Although decision-making follows a rational process, this is much less the case when it comes to making the right decision. 80% of executives attribute their success to their intuition (Source Jagdish Parikh Harvard Business School 1994) and their ability to make good decisions is not just a matter of pure rationality. On the contrary, it often requires us to follow new paths.
1. Collect as much information as you can.
The first step of a rational choice is to collect as much information as possible. Nevertheless, it is rarely the case that you have access to all the available information. Even with the internet, when you buy an apartment, the best deals are rarely available online. Moreover, as Herbert Simon, Nobel Prize winner in economics and theoretician of limited rationality, points out, “a wealth of information creates a poverty of attention”. To make the best decisions, select the most diverse information possible to get a head start on others. Take into account the most relevant information for your project and organise it.
2. Define your decision criteria beforehand
First of all, to make a decision you have to have clear and precise criteria. Generally, it is assumed that individuals seek to maximise their benefit. However, in business, decisions are rarely made alone and benefits differ between individuals. A good solution to overcome this difficulty is collegial decision-making. This facilitates decision-making based on criteria that are shared by all.
3. Anticipate the impacts of your decisions
The last fundamental parameter of decision-making is time. In an ideal and purely rational world we would be able to anticipate all the consequences of our actions in order to make a good decision. In practice this is clearly impossible.

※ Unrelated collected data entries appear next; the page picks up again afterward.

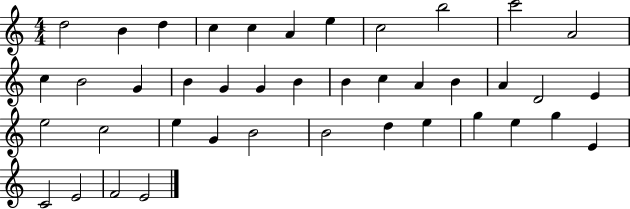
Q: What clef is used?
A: treble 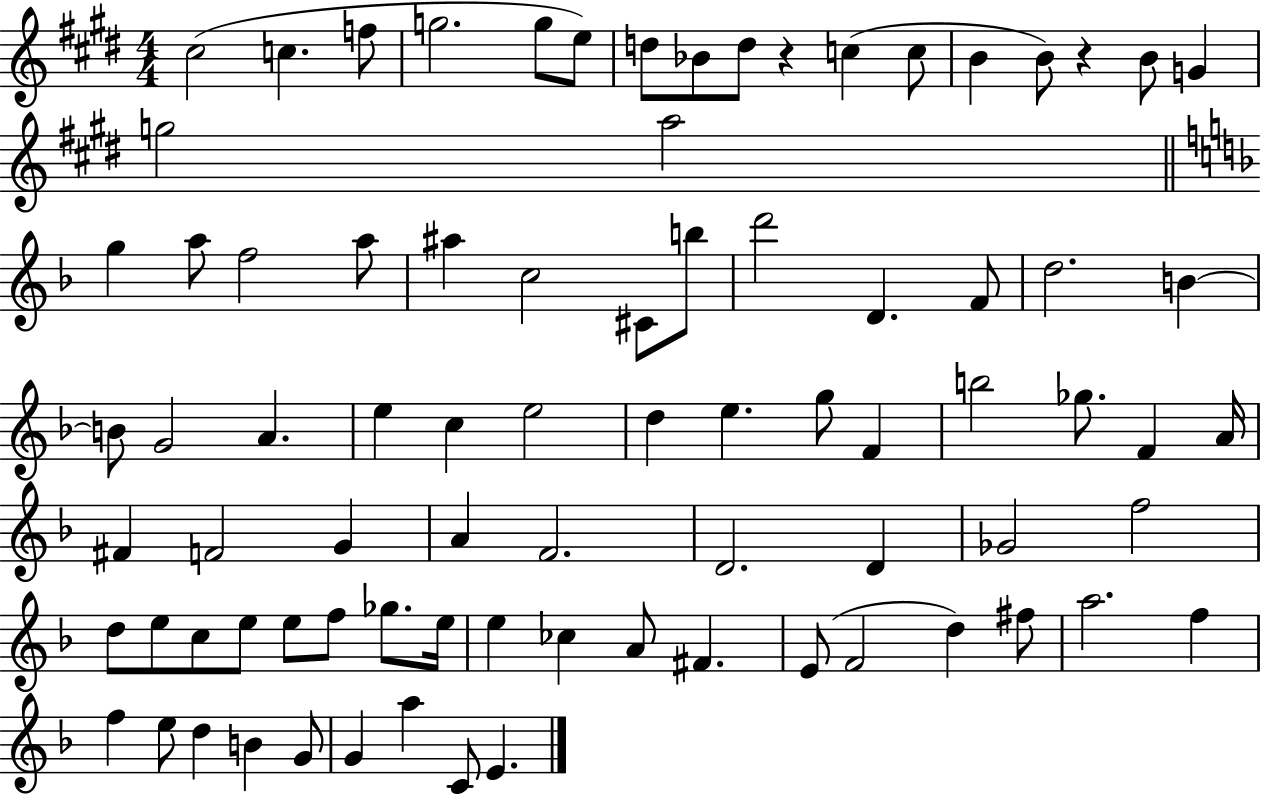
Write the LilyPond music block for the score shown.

{
  \clef treble
  \numericTimeSignature
  \time 4/4
  \key e \major
  cis''2( c''4. f''8 | g''2. g''8 e''8) | d''8 bes'8 d''8 r4 c''4( c''8 | b'4 b'8) r4 b'8 g'4 | \break g''2 a''2 | \bar "||" \break \key f \major g''4 a''8 f''2 a''8 | ais''4 c''2 cis'8 b''8 | d'''2 d'4. f'8 | d''2. b'4~~ | \break b'8 g'2 a'4. | e''4 c''4 e''2 | d''4 e''4. g''8 f'4 | b''2 ges''8. f'4 a'16 | \break fis'4 f'2 g'4 | a'4 f'2. | d'2. d'4 | ges'2 f''2 | \break d''8 e''8 c''8 e''8 e''8 f''8 ges''8. e''16 | e''4 ces''4 a'8 fis'4. | e'8( f'2 d''4) fis''8 | a''2. f''4 | \break f''4 e''8 d''4 b'4 g'8 | g'4 a''4 c'8 e'4. | \bar "|."
} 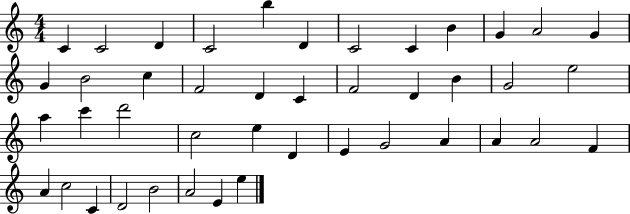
{
  \clef treble
  \numericTimeSignature
  \time 4/4
  \key c \major
  c'4 c'2 d'4 | c'2 b''4 d'4 | c'2 c'4 b'4 | g'4 a'2 g'4 | \break g'4 b'2 c''4 | f'2 d'4 c'4 | f'2 d'4 b'4 | g'2 e''2 | \break a''4 c'''4 d'''2 | c''2 e''4 d'4 | e'4 g'2 a'4 | a'4 a'2 f'4 | \break a'4 c''2 c'4 | d'2 b'2 | a'2 e'4 e''4 | \bar "|."
} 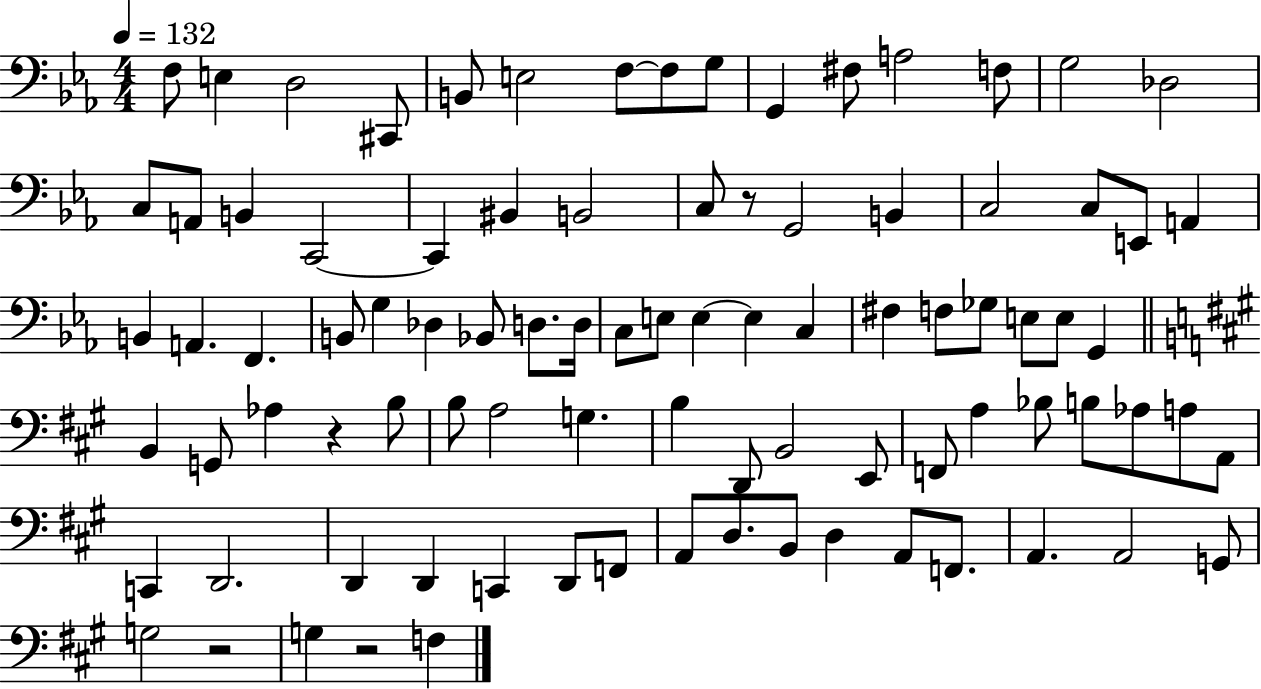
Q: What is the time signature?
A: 4/4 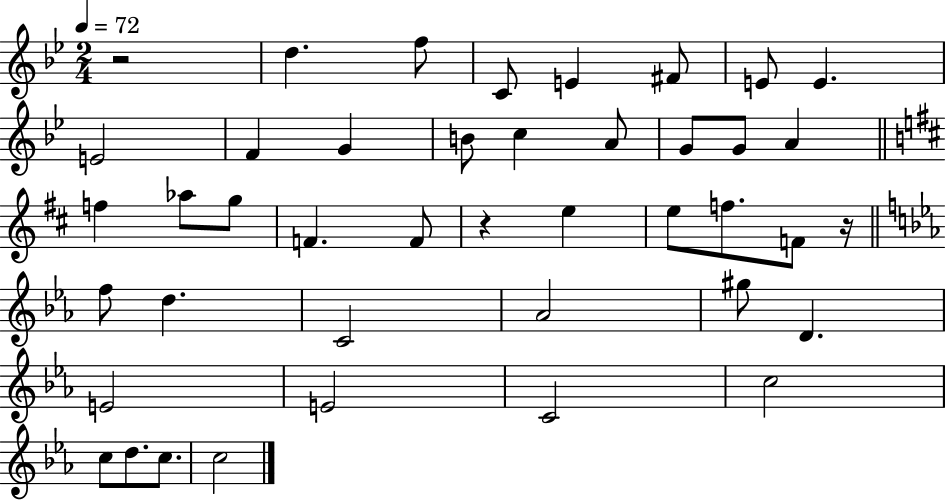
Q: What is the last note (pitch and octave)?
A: C5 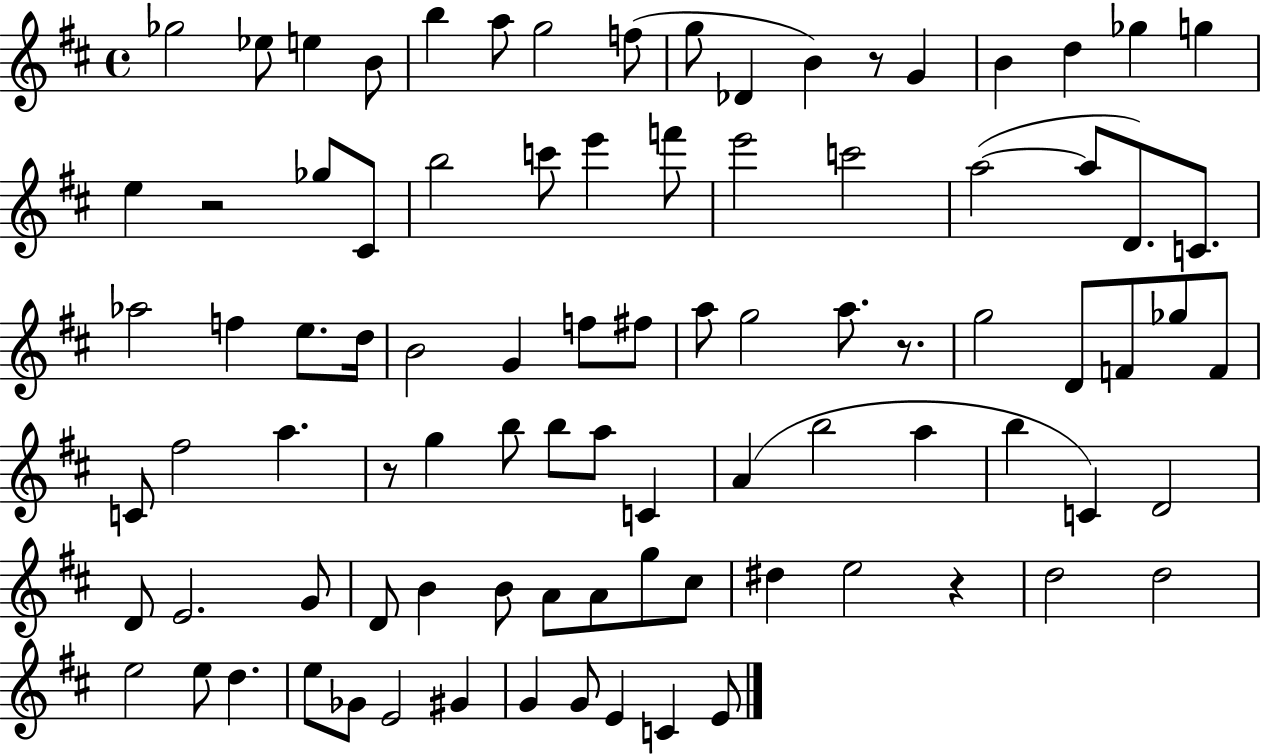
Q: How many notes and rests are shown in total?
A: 90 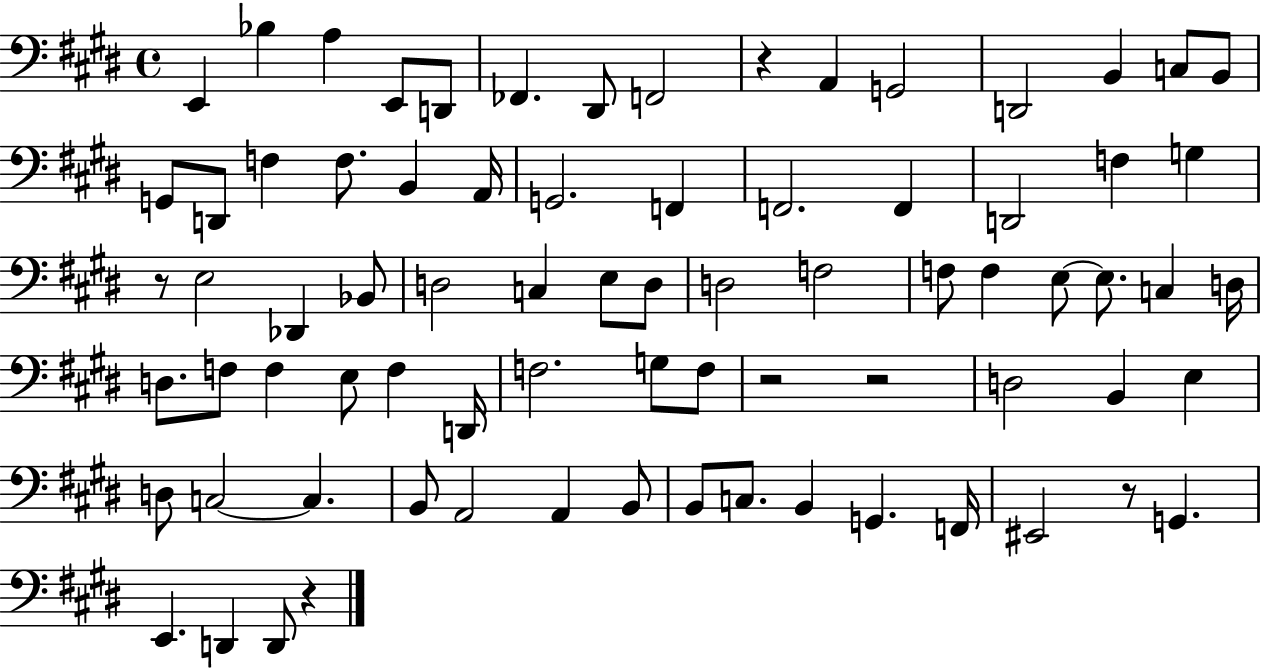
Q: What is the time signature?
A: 4/4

To help yourself, you can categorise four types of impact:
- On the structure: process, organisation of work.
- On colleagues: skills, management type, motivation.
- On systems: Information system, pay policy, promotion.
- On the corporate culture: the symbols, norms and principles shared by the greatest number within your organisation.
4. Lastly, have the courage to look again at your decisions
If the impacts of your decisions are not good, be brave enough to reconsider them. This will not affect your leadership, on the contrary, it will prove that you can learn from your mistakes. The quality of decision-making is judged by its result, not by the inflexibility of the person behind it.